_Study material_:

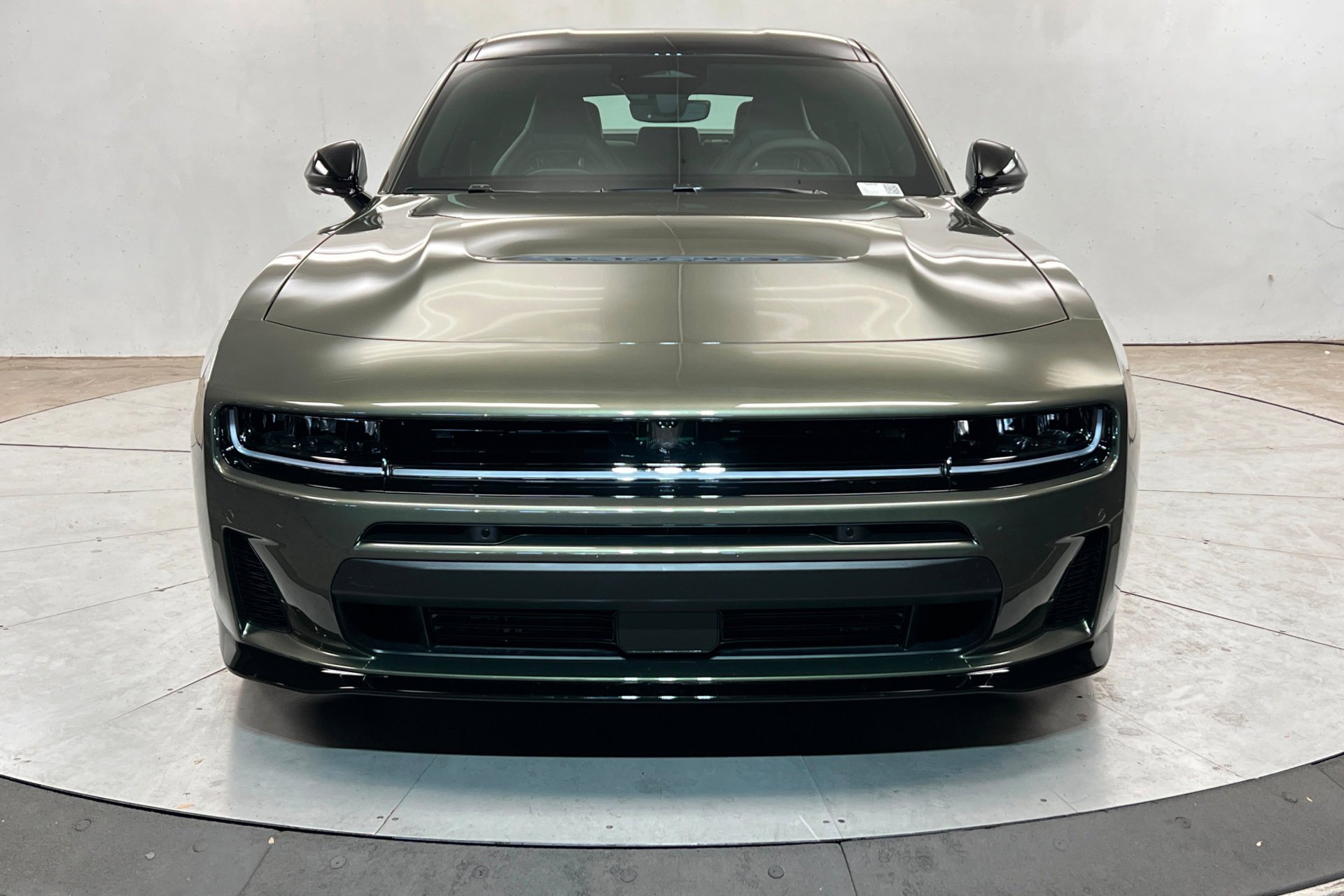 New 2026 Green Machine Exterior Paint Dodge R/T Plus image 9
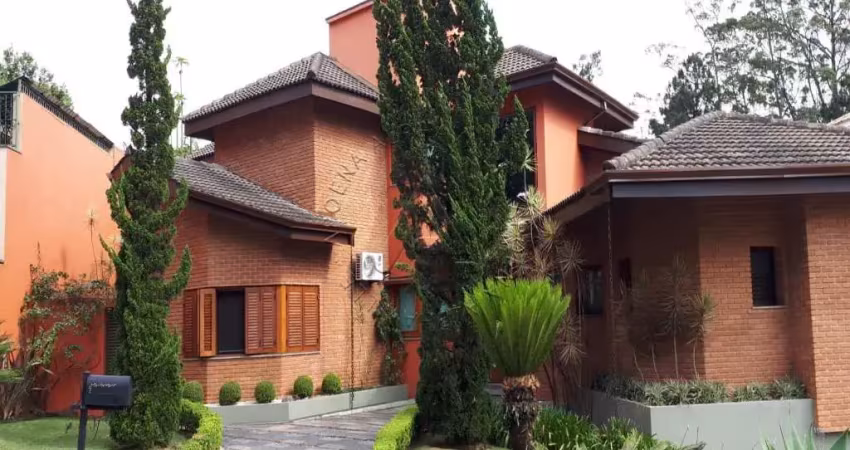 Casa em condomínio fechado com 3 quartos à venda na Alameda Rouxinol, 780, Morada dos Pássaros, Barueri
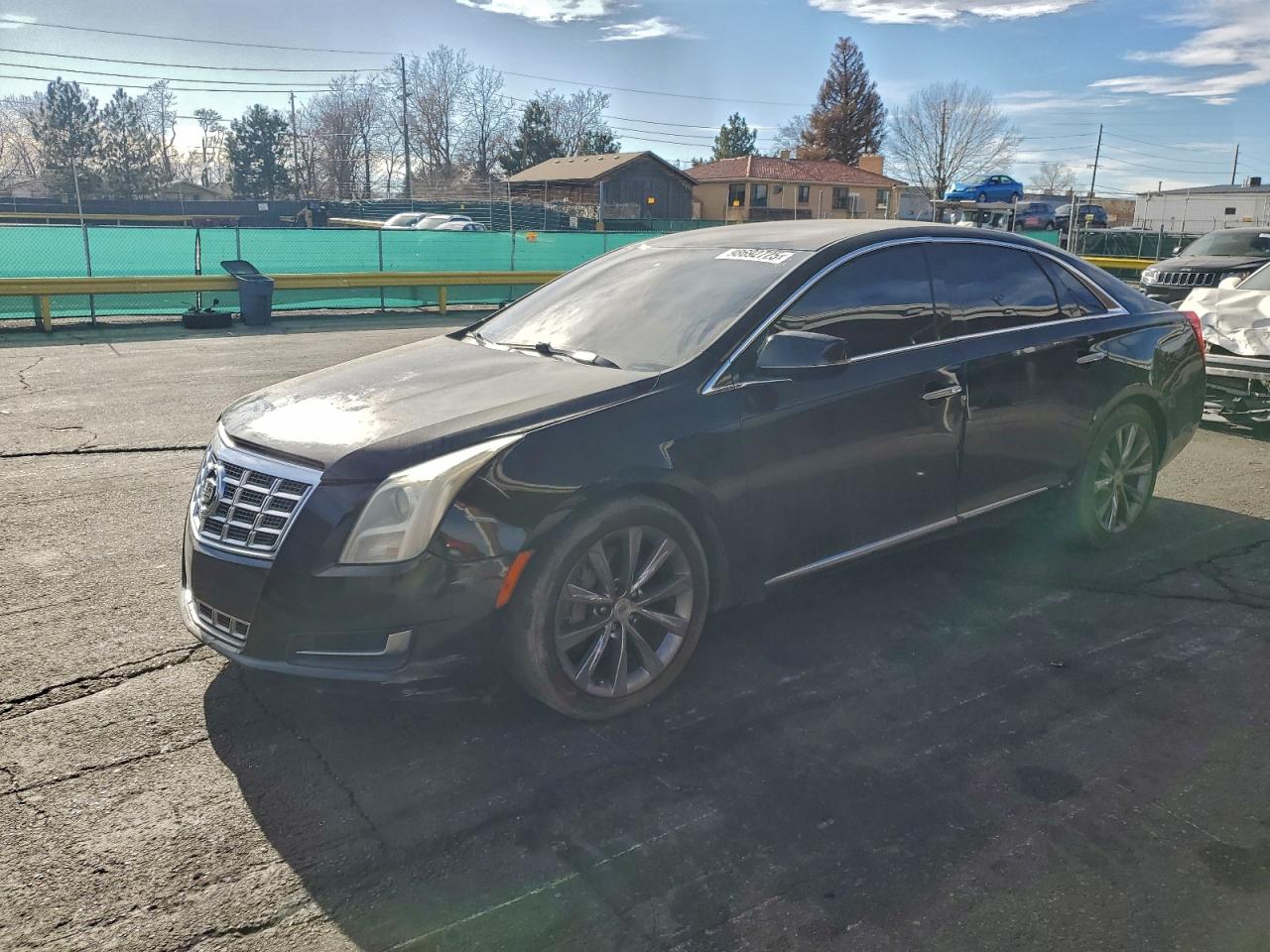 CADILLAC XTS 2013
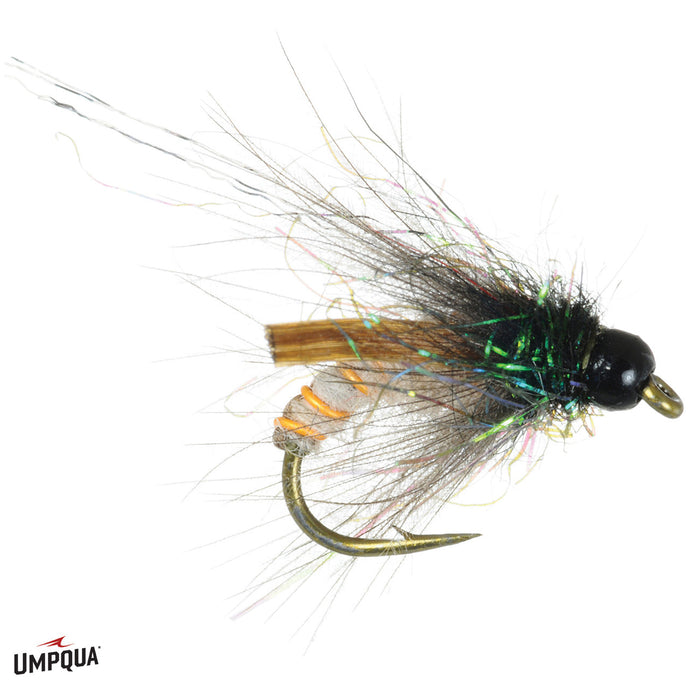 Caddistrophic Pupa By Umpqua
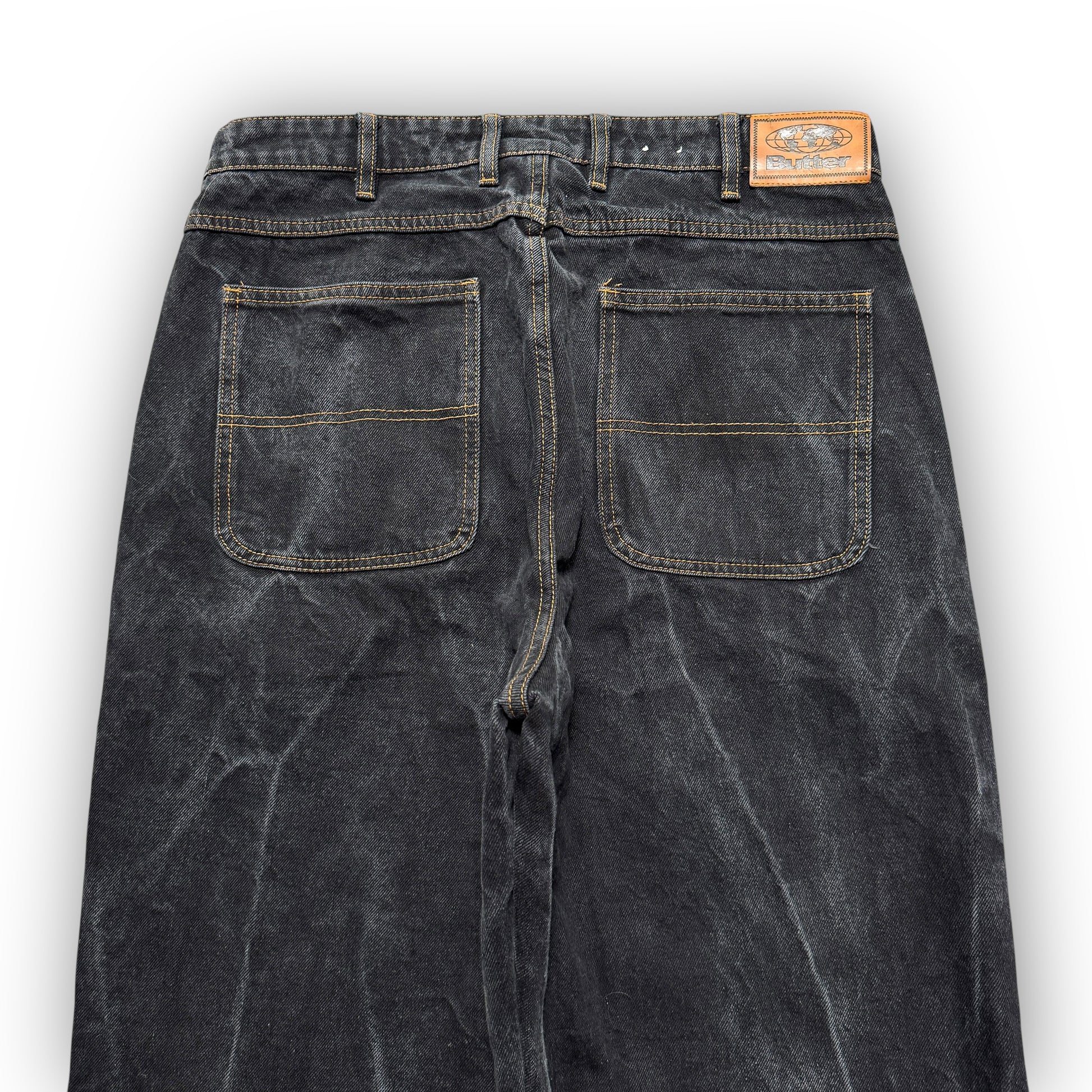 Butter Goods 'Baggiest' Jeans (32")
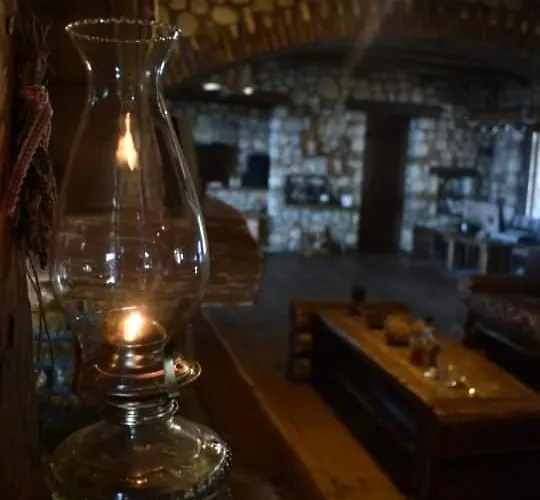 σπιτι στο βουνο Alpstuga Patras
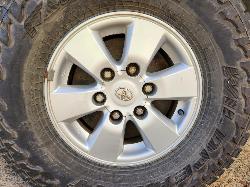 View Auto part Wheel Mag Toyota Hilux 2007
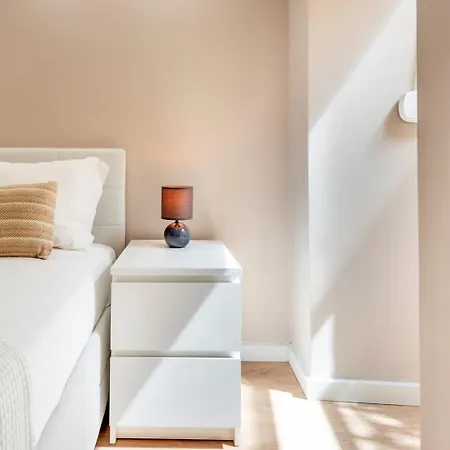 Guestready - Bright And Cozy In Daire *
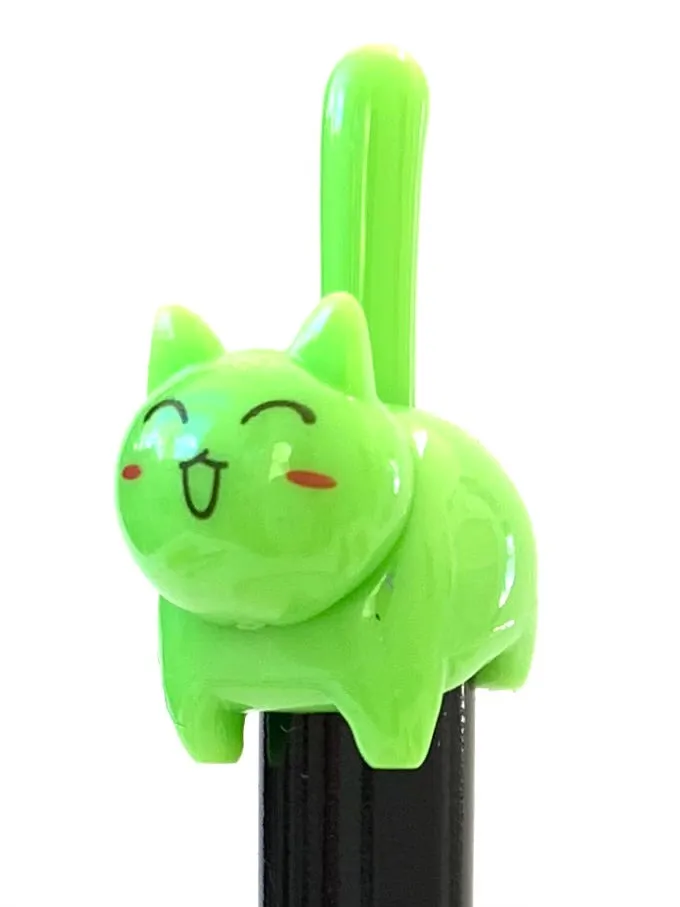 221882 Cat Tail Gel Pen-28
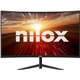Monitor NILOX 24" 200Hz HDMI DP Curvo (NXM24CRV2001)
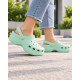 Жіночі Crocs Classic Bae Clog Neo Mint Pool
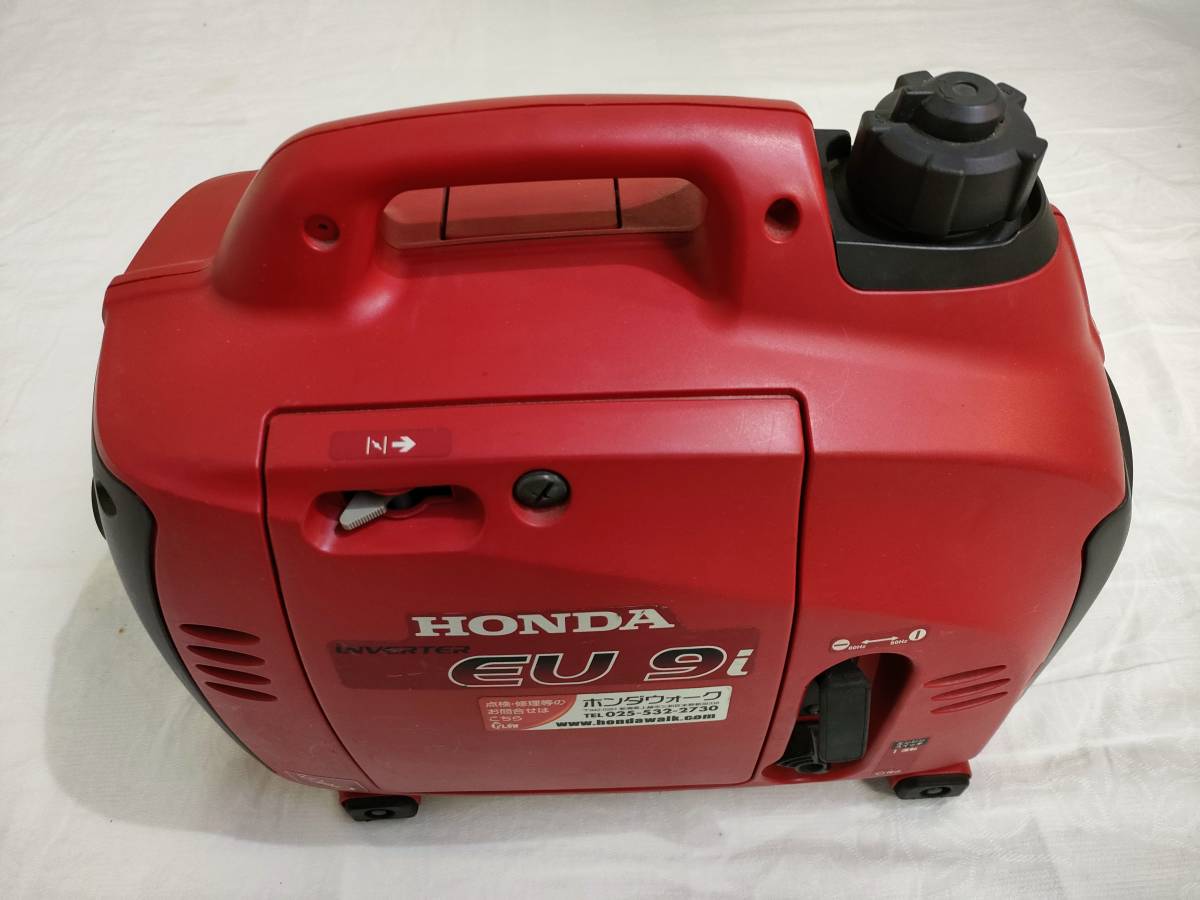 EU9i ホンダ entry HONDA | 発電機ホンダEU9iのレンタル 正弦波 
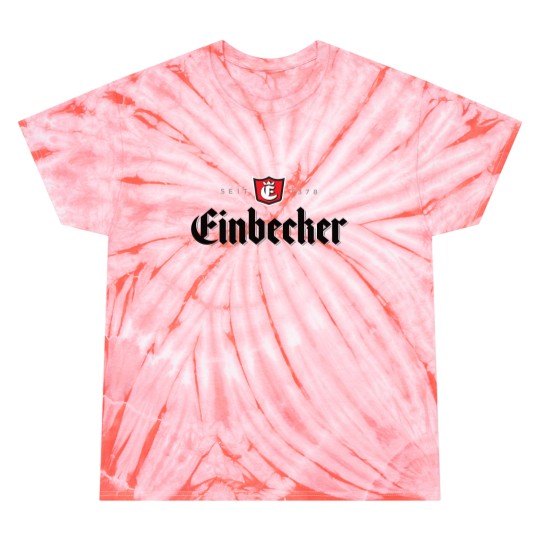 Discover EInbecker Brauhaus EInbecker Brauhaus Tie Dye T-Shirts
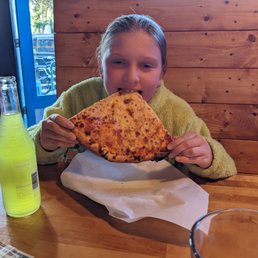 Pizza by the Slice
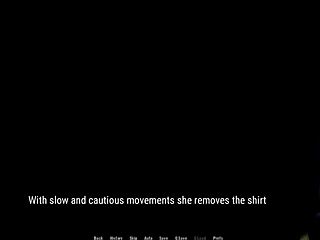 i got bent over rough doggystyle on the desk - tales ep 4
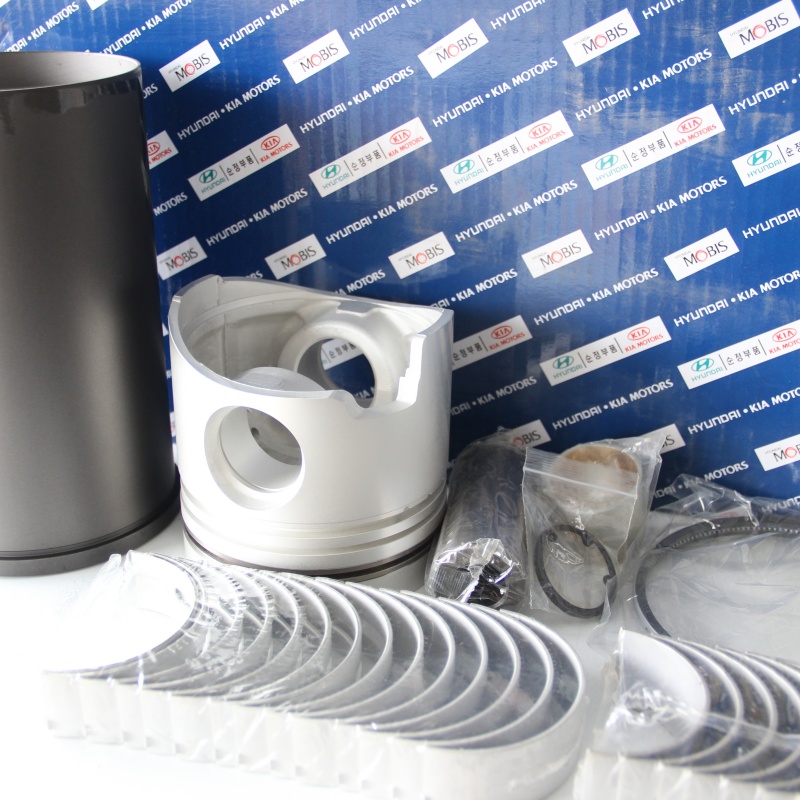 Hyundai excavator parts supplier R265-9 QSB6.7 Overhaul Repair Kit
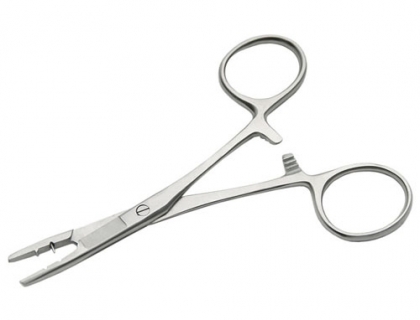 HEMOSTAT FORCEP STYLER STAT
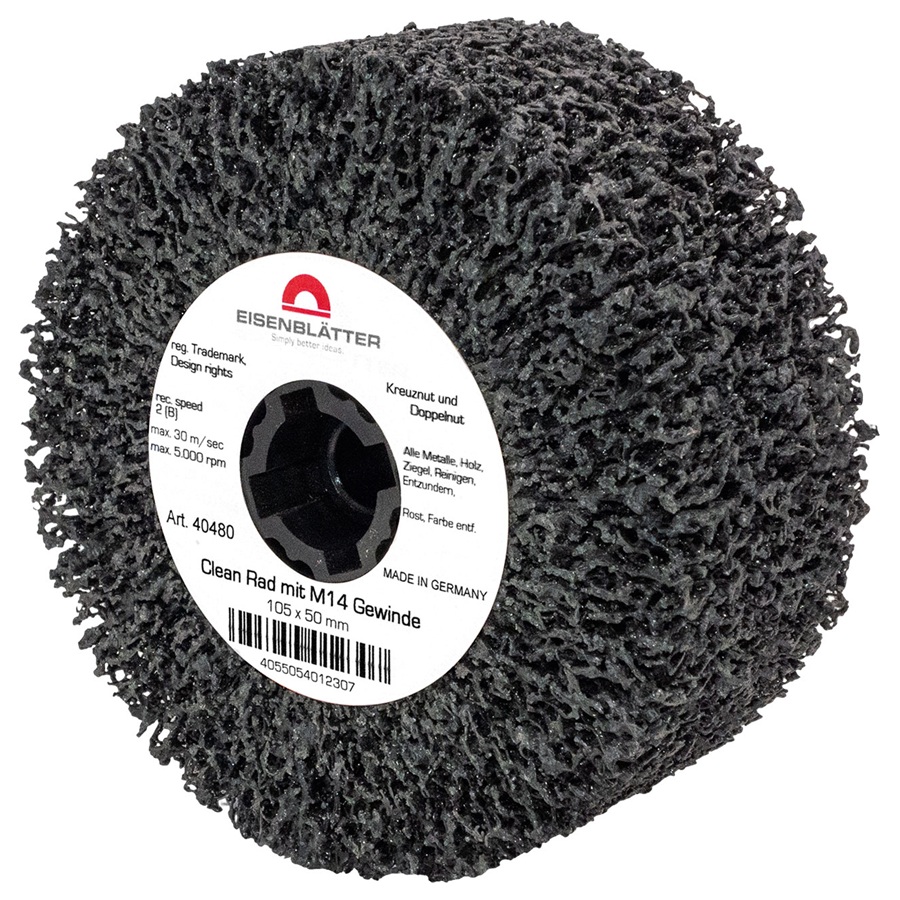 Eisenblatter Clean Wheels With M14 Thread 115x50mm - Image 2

_What you need to do_:
Starting with the line that contains "Pizza by the Slice", repeat each line exactly until the listing ends, including the last one. Leave pictures out.

_Expected output_:
 Pizza by the Slice
 i got bent over rough doggystyle on the desk - tales ep 4
 Hyundai excavator parts supplier R265-9 QSB6.7 Overhaul Repair Kit
 HEMOSTAT FORCEP STYLER STAT
 Eisenblatter Clean Wheels With M14 Thread 115x50mm - Image 2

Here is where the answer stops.